To test the equality you have to use strcmp. If the returning value is 0 it means that they are equal.
if (strcmp(answer, "yes") == 0) {
// ...
} else {
// ...
}
Notes:
Using just answer == 'yes' it test the equality of pointers not value. This is the reason why enters only in else.
Because answer is int you have to change to an array
char answer[15]
As #Sathya mentioned you are reading just a char %c for reading a string you have to use %s
scanf("%s", answer);
Instead of 'yes' which is multi-character character constant change to "yes" that is an array of char with \0 at the end, more informations here.
this line:
if (answer == 'yes' ){
has several problems.
1) the definition of 'answer' is 'int' but the scanf is inputting a single character
2) answer could be compared with 'y' or 'n' but not to a array of char.

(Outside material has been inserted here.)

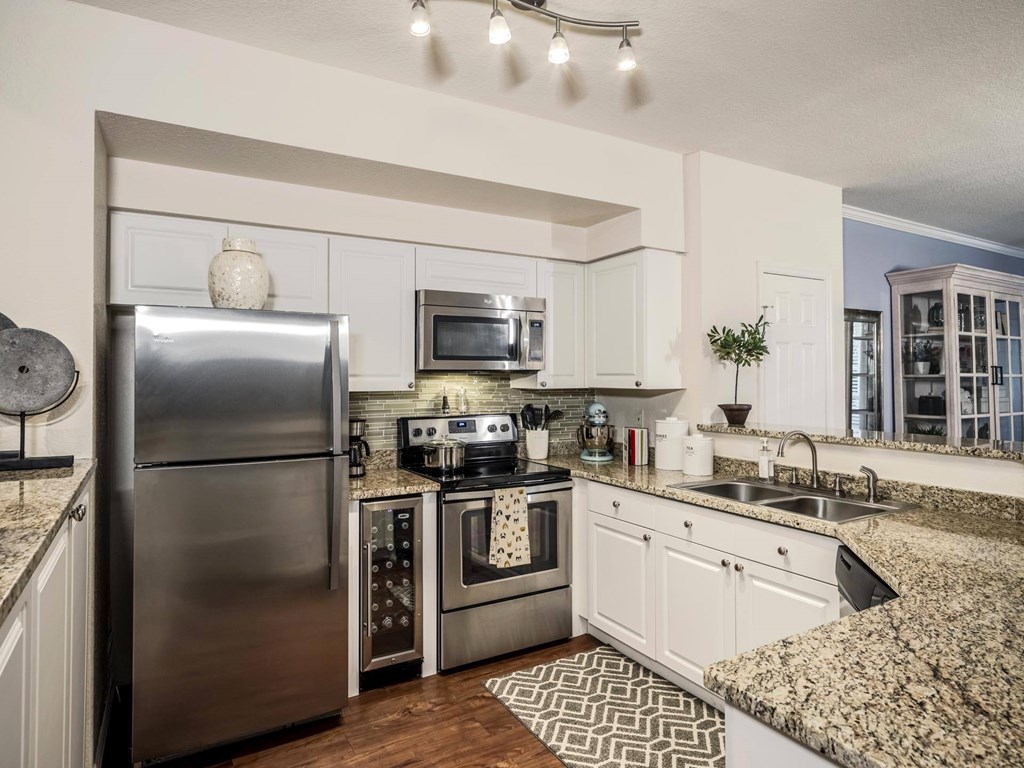 Apartment kitchen with stainless appliances and granite counters at Magnolia Carillon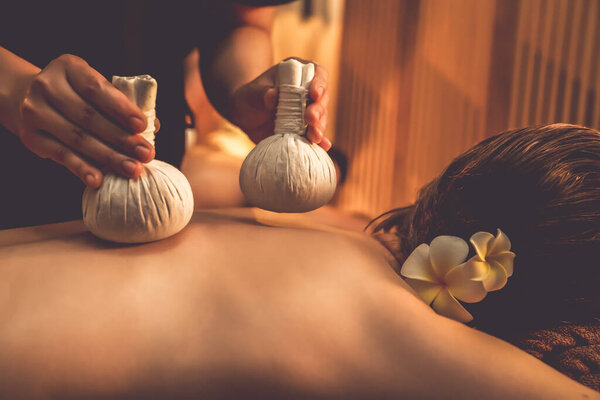 Hot herbal ball spa massage body treatment, masseur gently compresses herb bag on couple customer body. Serenity of aromatherapy recreation in warm lighting of candles at spa salon. Quiescent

3) since the scanf only input a single char
and you/the user input 'yes',
only the first character was consumed,
so the 'es' are still in the input buffer
4) note the the single character could be anything, except white space.
the leading space in the format string would consume any white space.
so the user could input say 'y' or 'Y'
these are different characters
however, using the toupper() macro from ctypes.h
would mean only a 'Y' would need to be compared
5) if you decide to read a string,
then 'answer' needs to be a character array,
say: char answer[10];
and the scanf needs to have a max length modifier
on the associated "%s" input/conversion parameter
so as to avoid the user overflowing the input buffer
and the comparison would be via the strcmp() function
6) always check the returned value (not the parameter value)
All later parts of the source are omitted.